Ist ja interessant, dass Christian Baron Castorf gar nicht erwähnt. Ist der auch nicht proletarisch genug, weil der immer ein Jackett beim Inszenieren anhat und keinen Blaumann (oder Blauhemd) trägt wie Brecht? Baron erwähnt die „altmodische soziale Frage“, die keine Rolle mehr auf der Bühne spiele. Da hat er ja gar nicht so Unrecht. Aber anstatt sich selbst Gedanken zu machen, zitiert er aus einem Zeit-Essay von Publizist Florian Kessler über Literatur (wie Krause Resort verfehlt) und schiebt Sewan Latchinian vom Volkstheater Rostock, der „relevantes politisches Theater“ machen will (laut ND-Interview), als Hoffnungsträger vors Loch. Die Frage ist doch aber immer, wer geht eigentlich ins Theater? Die Arbeiterklasse (wenn es die noch gibt - Ausnahmen bestätigen hier wie immer die Regel) oder das gutsituierte Bürgertum? Für wenn will man eigentlich Theater machen und warum? Das sind die brennenden Fragen, nicht vordergründig irgendeine soziale Frage. Und mit Realismus möchte ich im Theater nicht traktiert werden, den sehe ich selbst jeden Tag. Die Schwierigkeit ist, das Erlebte in entsprechende Kunst umzusetzen. Dafür ist die Kritik natürlich nicht zuständig. In den Kommentaren der ND-Leser wird schon nach mehr Baron gerufen. Atze, Bummi und Frösi lassen grüßen.

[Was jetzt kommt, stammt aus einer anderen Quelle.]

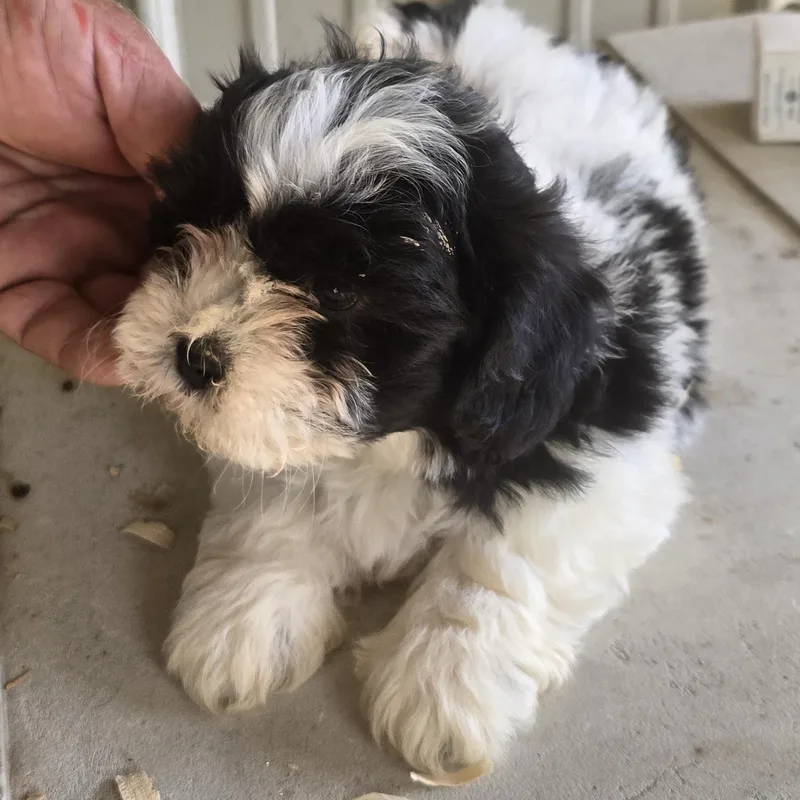 A baby small-sized female Black Bichon Frise dog named Jazzy for adoption in Zaleski, OH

(Lieber Stefan B., nur kurz zur Einordnung des Autors. Christian Baron ist länger schon als Theaterkritiker aktiv, u.a. für nachtkritik.de in Thüringen. Mit besten Grüßen aus der Redaktion, Christian Rakow)

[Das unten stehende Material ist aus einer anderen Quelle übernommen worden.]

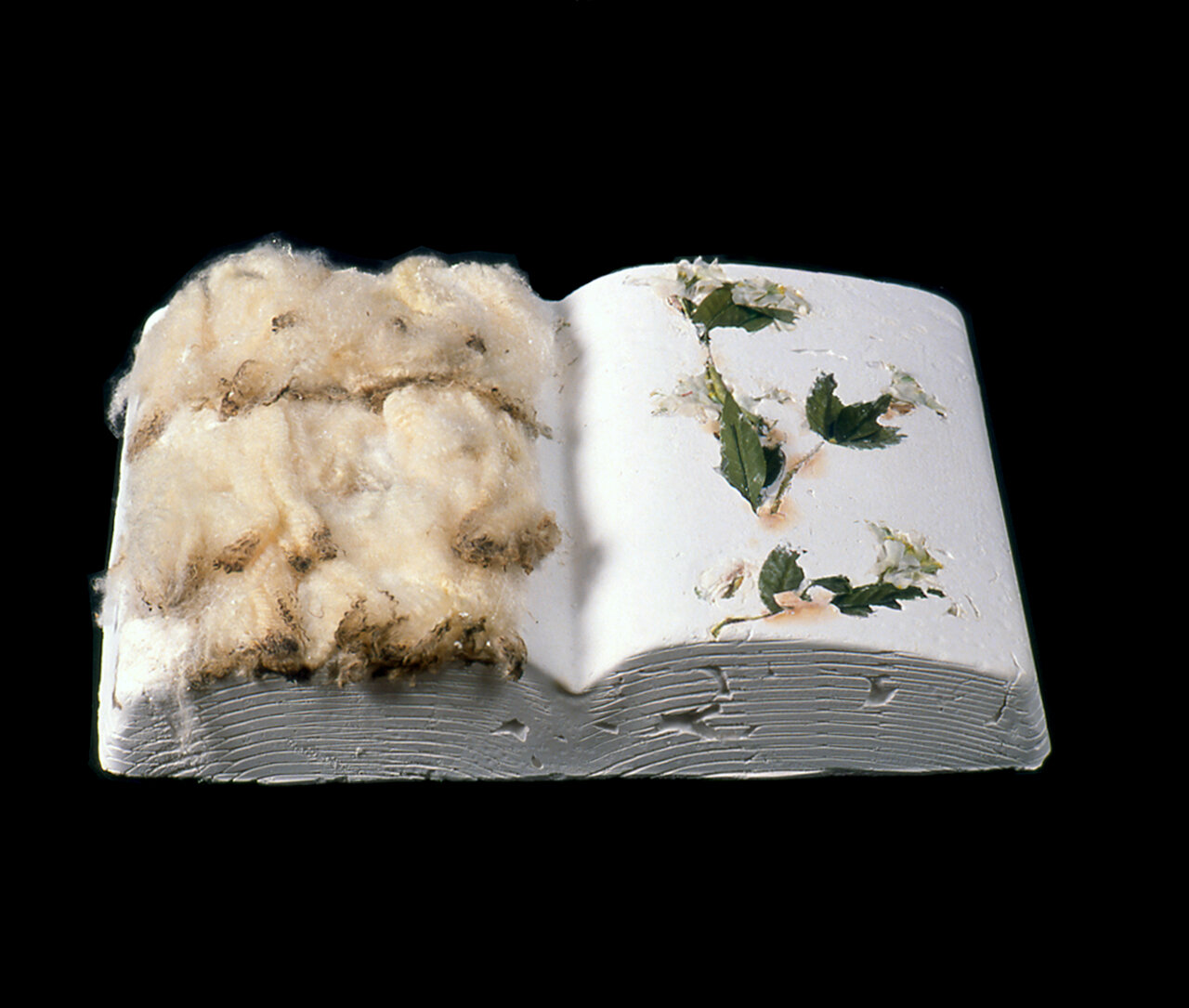 For the Instruction of Young Ladies : book detail 1989. Photo: B.T. Martin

"Er ist vernünftig, jeder versteht ihn. Er ist leicht.
Du bist doch kein Ausbeuter, du kannst ihn begreifen. Er ist gut für dich, erkundige dich nach ihm.
Die Dummköpfe nennen ihn dumm, und die Schmutzigen nennen ihn schmutzig. Er ist gegen den Schmutz und gegen die Dummheit.

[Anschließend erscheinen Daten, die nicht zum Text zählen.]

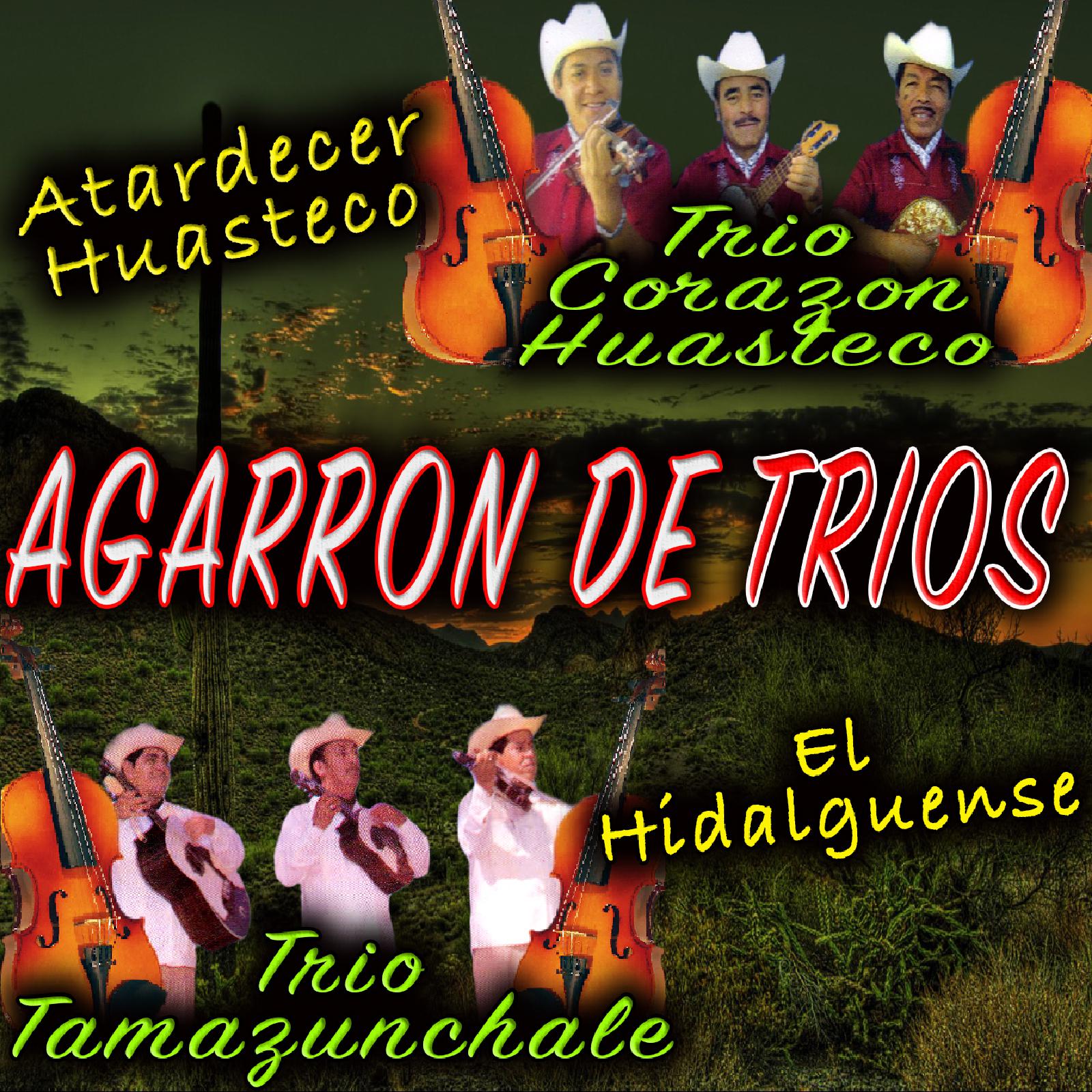Agarron De Trios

Die Ausbeuter nennen ihn ein Verbrechen. Aber wir wissen: Er ist das Ende der Verbrechen. Er ist keine Tollheit. Er ist nicht das Chaos, sondern die Ordnung.
Er ist das Einfache, das schwer zu machen ist."
Die Errungenschaften der Künstler im letzten Jahrhundert wurden vom Theater aufgesaugt und werden jetzt in einer anmaßenden unreflektierten Beliebigkeit ausgespuckt.
Aber wahrscheinlich ist es damit ein Spiegelbild des Zeitgeistes.
Es gibt doch unglaublich viele Ansätze, das Soziale sichtbar zu machen. Vielleicht nicht gerade im Deutschen Theater oder Berliner Ensemble. Aber Herr Baron braucht sich doch nur mal das neue Oktober-Programm z.B. des HAU durchzulesen. Natürlich schreibt heut keiner mehr wie Gorki, Mutter Courage oder Ken Loach. Aber das gibt's doch. Warum soll man das wiederholen? Und wenn Performances oder Doku-Theater oder Interventionen nicht immer Meisterwerke generieren, von denen man in 30 Jahren stolz renommieren kann, ich war dabei. So what? Ein Glück, dass man noch was wagen und auf die Schnauze fallen darf, statt immer auf Nummer sicher gehen zu müssen.
Ich finde Barons Text nicht sehr anregend, sondern blubberblubber. Und das bei einem Menschen, der das Leben noch vor sich hat. Offenbar früh vergreist. Warum weist Nachtkritik überhaupt darauf hin. Hoffentlich nicht, um wieder eine "Generationen"-Debatte mit Lamentos über die "Angepasstheit der Jugend von heute" vom Stapel zu lassen. Sucht lieber die brillanten Teens und Twens, als die verspießerten.